The Subordinate (also called Slave) nodes of the cluster may also be configured to provide HTTP services, enabling load balancing by spreading HTTP requests across the cluster's nodes.

How

This documentation details the steps for the installation and configuration of a Virtuoso Elastic Cluster on Unix:

  1. Step 1

    : Set up each instance as a HTTP Server;

  2. Step 2

    : Install and configure HTTP services on each instance;

  3. Step 3

    : Configure load balancing.

Set up each instance as an HTTP Server

Step 1 : Set up each instance as a HTTP Server

Each node can be configured to provide HTTP services as follows:

  1. Copy the [HTTP Server] section from the Primary instance's configuration file (by default, virtuoso.ini ) to the configuration file of each Subordinate instance:

    [HTTPServer]
    ServerPort                  = 8890
    ServerRoot                  = ../vsp
    DavRoot                     = DAV
    EnabledDavVSP               = 0
    HTTPProxyEnabled            = 0
    TempASPXDir                 = 0
    DefaultMailServer           = localhost:25
    MaxClientConnections        = 5
    MaxKeepAlives               = 10
    KeepAliveTimeout            = 10
    MaxCachedProxyConnections   = 10
    ProxyConnectionCacheTimeout = 15
    HTTPThreadSize              = 280000
    HttpPrintWarningsInOutput   = 0
    Charset                     = UTF-8
    ;HTTPLogFile                 = logs/http.log
    MaintenancePage             = atomic.html
    EnabledGzipContent          = 1
    
  2. Edit the ServerPort parameter to make it unique on the machine hosting this instance; i.e., if a subordinate instance is running on same physical node as the primary instance, then the subordinate's HTTP port must to be changed (from 8890, for instance) to a unique port (e.g., 8891).

  3. Install the Virtuoso Conductor to enable HTTP Administration of the instance being configured. Note: if the subordinate instance is not on the same machine as the primary instance, then the vad directory may also need to be copied from the primary instance to the subordinate instance.:

    SQL> vad_install ('../vad/conductor_dav.vad', 0);
    SQL_STATE  SQL_MESSAGE
    VARCHAR  VARCHAR
    _______________________________________________________________________________
    
    00000    No errors detected
    00000    Installation of "Virtuoso Conductor" is complete.
    00000    Now making a final checkpoint.
    00000    Final checkpoint is made.
    00000    SUCCESS
    
    6 Rows. -- 10263 msec.
    SQL>
    

Install and configure HTTP services on each instance

Step 2 : Install and configure HTTP services on each instance

Any HTTP services required on the subordinate instance will need to specifically installed or configured on that physical node.

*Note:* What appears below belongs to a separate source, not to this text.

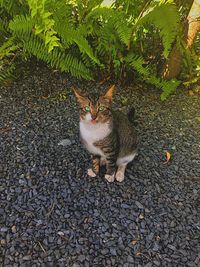 High angle view of cat on leaf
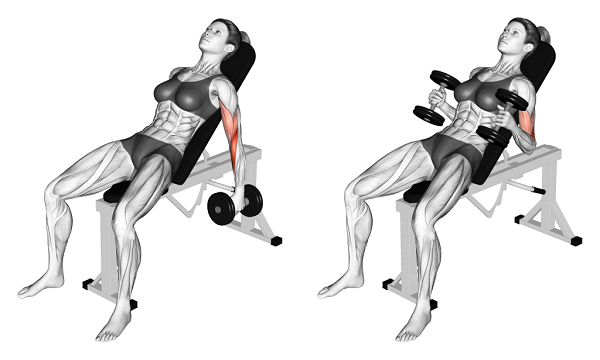 Bài tập tạ tay Incline Hammer Curls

For example, the Virtuoso default SPARQL endpoint (/sparql ) may be configured by:

  1. Log in into the Virtuoso Conductor http://hostname:port/conductor :

    Figure2.185.Configure SPARQL Endpoint: log in

    Configure SPARQL Endpoint: log in

  2. Go the the Web Application Server -> Virtual Domains & Directories tab:

    Figure2.186.Configure SPARQL Endpoint: Virtual Domains and Directories

    Configure SPARQL Endpoint: Virtual Domains and Directories

  3. Select the New Directory Action for the Default Web Site HTTP host:

    Figure2.187.Configure SPARQL Endpoint: new directory

    Configure SPARQL Endpoint: new directory

  4. Select the Type radio button and SPARQL access point item from the drop down list box:

    Figure2.188.Configure SPARQL Endpoint: set type SPARQL

    Configure SPARQL Endpoint: set type SPARQL

  5. Click "Next".

  6. Enter /sparql as the Path param in the Virtual Directory Information section and click Save Changes:

    Figure2.189.Configure SPARQL Endpoint: set /sparql virtual directory

    Configure SPARQL Endpoint: set /sparql virtual directory

  7. The SPARQL endpoint will not be accessible on http://hostname:port/sparql the the newly configured slave nodes:

    Figure2.190.Configure SPARQL Endpoint: SPARQL Endpoint

    Configure SPARQL Endpoint: SPARQL Endpoint

  8. Further details on SPARQL endpoint configuration can be found in Service Endpoint documentation section.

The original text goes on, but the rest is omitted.